The session started with presentations on the key elements of day surgery pathway and criteria for suitability for day surgery management presented by Anna Lipp and Theresa Hinde form BADS Council. This session addressed the specific challenges posed by patients presenting with acute conditions requiring assessment , preparation and surgery in a short time frame. The particular benefits of day surgery for elderly and frail patients were discussed and the importance of not excluding patients on basis of arbitrary limits such as BMI or ASA grade was emphasised.
Doug McWhinnie, a former president of BADS, reviewed the progress of emergency day surgery looking at where we have come from and what has been achieved to date. A well recognised urgent day surgery programme for general surgery has been developed in Bath under the leadership of Sarah Richards, a Consultant General Surgeon and she delivered an inspiring account of the process they followed to establish their Emergency Surgical Ambulatory Care Unit. She described how their unit now functions including the use of an innovative "virtual ward" which can avoid need for admission in many cases and limit it considerably in others.
The afternoon sessions included a presentation from James Brown an upper GI surgeon at the Northumbria Specialist Emergency Care Hospital. This innovative approach to managing the increasing burden of urgent surgery in a hospital designated solely for urgent care was impressive.
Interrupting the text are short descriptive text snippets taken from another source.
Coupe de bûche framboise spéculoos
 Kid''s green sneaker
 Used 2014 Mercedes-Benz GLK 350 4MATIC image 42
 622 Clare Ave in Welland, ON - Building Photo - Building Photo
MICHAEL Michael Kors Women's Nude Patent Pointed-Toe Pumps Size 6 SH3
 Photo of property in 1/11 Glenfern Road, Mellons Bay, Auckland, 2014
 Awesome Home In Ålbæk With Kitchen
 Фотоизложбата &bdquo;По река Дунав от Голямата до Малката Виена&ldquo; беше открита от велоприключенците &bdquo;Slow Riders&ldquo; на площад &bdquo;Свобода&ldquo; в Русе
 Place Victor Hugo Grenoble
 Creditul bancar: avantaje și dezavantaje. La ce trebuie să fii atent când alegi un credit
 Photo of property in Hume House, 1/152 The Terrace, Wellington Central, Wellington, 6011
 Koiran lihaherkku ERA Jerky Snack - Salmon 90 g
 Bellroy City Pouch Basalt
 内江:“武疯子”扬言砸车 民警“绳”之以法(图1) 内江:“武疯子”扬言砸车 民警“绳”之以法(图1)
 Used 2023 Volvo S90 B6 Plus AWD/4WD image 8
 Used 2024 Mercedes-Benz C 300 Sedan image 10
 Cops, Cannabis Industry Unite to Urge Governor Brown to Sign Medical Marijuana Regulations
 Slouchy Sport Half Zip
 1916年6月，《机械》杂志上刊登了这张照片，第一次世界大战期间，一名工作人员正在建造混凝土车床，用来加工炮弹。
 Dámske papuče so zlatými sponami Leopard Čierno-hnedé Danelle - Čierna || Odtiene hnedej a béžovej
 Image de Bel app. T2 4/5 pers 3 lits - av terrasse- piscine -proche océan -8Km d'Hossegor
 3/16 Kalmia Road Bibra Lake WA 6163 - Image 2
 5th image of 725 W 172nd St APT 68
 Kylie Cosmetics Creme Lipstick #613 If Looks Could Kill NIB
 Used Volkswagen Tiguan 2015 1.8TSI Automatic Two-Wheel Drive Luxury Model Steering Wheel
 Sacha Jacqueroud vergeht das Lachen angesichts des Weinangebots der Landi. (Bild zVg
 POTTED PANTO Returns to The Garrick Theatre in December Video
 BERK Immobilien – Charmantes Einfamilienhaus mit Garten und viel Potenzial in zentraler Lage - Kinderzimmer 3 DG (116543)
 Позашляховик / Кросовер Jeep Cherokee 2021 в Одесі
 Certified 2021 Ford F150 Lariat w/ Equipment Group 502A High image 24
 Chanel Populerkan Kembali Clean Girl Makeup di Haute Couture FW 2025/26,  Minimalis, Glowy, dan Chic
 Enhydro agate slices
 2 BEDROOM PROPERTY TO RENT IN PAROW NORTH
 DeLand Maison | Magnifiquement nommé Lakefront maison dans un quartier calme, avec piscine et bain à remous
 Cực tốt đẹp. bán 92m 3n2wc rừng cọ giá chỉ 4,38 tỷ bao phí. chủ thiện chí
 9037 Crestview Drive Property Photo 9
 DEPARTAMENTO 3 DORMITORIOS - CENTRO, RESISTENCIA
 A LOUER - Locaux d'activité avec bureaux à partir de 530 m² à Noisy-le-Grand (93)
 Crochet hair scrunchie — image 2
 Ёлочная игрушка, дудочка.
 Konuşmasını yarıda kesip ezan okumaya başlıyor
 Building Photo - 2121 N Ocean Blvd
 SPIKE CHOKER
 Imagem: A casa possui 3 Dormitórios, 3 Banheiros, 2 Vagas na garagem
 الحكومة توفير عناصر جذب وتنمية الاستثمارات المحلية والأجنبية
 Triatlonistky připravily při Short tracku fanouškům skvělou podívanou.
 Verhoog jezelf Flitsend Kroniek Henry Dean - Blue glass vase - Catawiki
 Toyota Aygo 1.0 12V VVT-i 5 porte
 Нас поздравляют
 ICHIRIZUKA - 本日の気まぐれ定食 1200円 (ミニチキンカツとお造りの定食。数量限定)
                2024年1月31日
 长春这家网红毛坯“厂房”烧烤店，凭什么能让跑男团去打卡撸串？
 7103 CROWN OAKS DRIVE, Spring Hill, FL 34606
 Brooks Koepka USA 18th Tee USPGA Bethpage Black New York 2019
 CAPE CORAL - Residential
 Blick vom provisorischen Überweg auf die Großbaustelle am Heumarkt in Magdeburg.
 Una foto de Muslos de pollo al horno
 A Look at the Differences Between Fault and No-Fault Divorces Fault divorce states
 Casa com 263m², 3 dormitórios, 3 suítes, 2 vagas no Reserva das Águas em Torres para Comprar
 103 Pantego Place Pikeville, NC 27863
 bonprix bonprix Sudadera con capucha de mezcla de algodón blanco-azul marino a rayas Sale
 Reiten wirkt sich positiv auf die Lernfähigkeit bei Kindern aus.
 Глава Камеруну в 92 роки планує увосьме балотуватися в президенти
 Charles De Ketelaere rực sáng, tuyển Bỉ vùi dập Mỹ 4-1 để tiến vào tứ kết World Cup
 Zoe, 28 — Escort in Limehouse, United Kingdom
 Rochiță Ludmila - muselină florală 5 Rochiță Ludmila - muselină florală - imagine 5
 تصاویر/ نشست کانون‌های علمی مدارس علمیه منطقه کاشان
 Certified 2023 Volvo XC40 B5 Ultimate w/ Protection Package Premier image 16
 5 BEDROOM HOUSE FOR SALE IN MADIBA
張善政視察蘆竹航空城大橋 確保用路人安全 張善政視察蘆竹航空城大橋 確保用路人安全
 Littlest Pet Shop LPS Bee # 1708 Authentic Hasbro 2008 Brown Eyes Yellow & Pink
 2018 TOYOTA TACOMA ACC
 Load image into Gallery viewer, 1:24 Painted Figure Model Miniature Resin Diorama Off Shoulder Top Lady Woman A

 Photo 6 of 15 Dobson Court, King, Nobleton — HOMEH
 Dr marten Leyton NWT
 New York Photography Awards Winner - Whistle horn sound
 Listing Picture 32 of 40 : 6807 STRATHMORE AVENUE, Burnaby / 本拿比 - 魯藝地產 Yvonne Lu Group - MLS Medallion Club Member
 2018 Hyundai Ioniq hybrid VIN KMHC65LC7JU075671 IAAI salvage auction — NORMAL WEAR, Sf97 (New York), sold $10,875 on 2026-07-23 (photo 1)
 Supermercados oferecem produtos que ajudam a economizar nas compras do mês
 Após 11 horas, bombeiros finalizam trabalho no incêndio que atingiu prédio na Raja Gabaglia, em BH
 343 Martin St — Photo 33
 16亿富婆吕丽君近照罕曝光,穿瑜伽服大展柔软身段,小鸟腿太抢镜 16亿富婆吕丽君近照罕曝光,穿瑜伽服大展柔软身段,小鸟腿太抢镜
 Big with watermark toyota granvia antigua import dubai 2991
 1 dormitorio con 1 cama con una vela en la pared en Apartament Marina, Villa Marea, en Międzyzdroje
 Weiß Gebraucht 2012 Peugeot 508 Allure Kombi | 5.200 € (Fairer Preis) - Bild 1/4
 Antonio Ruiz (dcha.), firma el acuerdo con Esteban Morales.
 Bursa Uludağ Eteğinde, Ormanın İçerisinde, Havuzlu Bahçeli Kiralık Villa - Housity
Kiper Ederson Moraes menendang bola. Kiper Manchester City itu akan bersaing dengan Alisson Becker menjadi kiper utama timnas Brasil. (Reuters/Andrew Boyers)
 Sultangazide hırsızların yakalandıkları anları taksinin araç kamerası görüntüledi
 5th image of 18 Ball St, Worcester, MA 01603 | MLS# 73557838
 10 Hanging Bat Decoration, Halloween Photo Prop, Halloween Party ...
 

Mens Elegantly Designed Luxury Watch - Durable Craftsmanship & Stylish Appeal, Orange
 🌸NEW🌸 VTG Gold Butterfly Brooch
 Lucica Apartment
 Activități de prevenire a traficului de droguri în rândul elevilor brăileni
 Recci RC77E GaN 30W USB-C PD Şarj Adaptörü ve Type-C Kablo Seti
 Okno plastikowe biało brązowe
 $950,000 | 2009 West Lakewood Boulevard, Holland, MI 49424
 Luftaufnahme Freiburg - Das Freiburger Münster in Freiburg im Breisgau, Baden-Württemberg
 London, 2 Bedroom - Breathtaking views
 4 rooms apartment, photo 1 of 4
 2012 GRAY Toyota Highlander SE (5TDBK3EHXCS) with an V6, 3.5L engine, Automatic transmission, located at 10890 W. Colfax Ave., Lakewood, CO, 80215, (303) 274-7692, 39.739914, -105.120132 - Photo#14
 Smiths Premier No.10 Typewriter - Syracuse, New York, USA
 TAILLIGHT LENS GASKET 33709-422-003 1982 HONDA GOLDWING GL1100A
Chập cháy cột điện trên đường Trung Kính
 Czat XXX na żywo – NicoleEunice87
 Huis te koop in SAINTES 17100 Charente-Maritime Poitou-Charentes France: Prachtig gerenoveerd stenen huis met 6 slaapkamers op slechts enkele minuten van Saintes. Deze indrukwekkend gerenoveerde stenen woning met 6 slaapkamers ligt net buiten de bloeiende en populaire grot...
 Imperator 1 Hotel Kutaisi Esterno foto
Andrew Mitchell, an advanced nurse practitioner from the Ambulatory Emergency Care Network described what lessons could be learned from the experiences gained in managing urgent presentations in medicine, focussing on leadership from senior doctors, team working and ready access to diagnostic and other specialty support services.
Finally a series of presentations illustrated established pathways from centres around the country , including upper limb trauma from Rotherham , by Alex Kocheta; the abscess pathway followed in Torbay presented by Mary Stocker, and two examples of management of ERCP after miscarriage from Jane Montgomery( Torbay) and Kim Russon (Rotherham).
There was lively discussion and contributions from the multi disciplinary audience who were keen to benefit from the access to experts in various aspects of day case and urgent surgery, and evaluation of the day has been so over whelming positive that it is likely a similar event will be run again in the future. Watch out for dates.